Transformations

When should I use a DuckDB transformation?

Understand what a DuckDB transformation is in Keboola, why it is fast and cost-effective for small-to-medium analytics, and when to choose it over Snowflake.

A DuckDB transformation runs your SQL in DuckDB, an in-process analytical (OLAP) database, while Keboola maps data to and from Storage. This page explains what that means and when DuckDB is the right choice. To build one, follow the how-to; for all settings, see the reference.

What it is

DuckDB runs in-process — there is no external database server to provision. It uses columnar storage optimized for analytical queries, runs independent scripts within a block in parallel (with automatic dependency analysis), and ships a rich SQL dialect with modern conveniences. For Keboola that makes it a fast, low-overhead, cost-effective backend for small-to-medium analytics.

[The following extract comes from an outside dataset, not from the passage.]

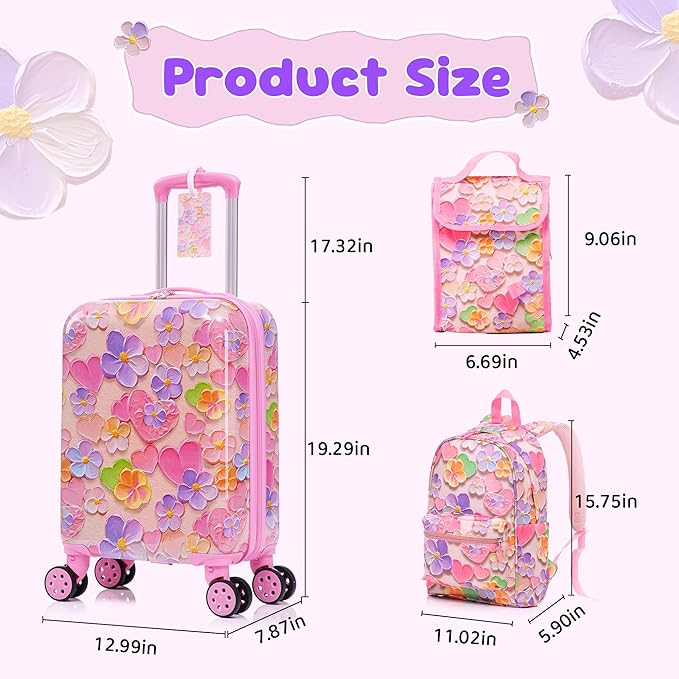 Kid’s Luggage Set 6 Piece Suitcase Set 16’’ Hardside Luggage with Spinner Wheels Girls Boys Carry on Luggage Travel Rolling Luggage Airline Approved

Like every transformation, it works on an isolated copy of your data: input mapping stages your Storage tables, your SQL runs against them, and output mapping writes results back.

Why DuckDB

In-process execution — no warehouse to spin up; low overhead and fast startup.
Columnar + parallel — efficient on analytical (SELECT-heavy) workloads.
Cost-effective — a cheaper alternative to cloud warehouses for datasets up to a few terabytes.
Rich SQL — quality-of-life extensions (GROUP BY ALL, EXCLUDE, ASOF JOIN, SUMMARIZE); see the reference.

When to use DuckDB vs. Snowflake

Choose DuckDB for

Ad-hoc analysis and small-to-medium datasets (under a few TB)
Rapid prototyping, development, and testing
Projects with limited budgets

Choose Snowflake for

Very large datasets (TB+) and complex enterprise workloads
Sharing a warehouse across multiple processes
Maximum scalability and Snowflake-specific features

Migrating existing Snowflake transformations? See the Snowflake to DuckDB migration guide.

What DuckDB is not

DuckDB is an OLAP database optimized for SELECT and analytical queries. Avoid workflows with frequent INSERT/UPDATE operations — for transactional workloads, use a different backend such as Snowflake.

Designing maintainable transformations

Split complex transformations into smaller steps, each producing one output table.
Use consistent naming for output tables (for example, stg_customers, fact_orders, dim_products).
Document non-obvious business logic directly in the SQL.

Because scripts within a block run in parallel based on a dependency graph, organizing logic into clear blocks lets the engine optimize execution for you — see block-based orchestration.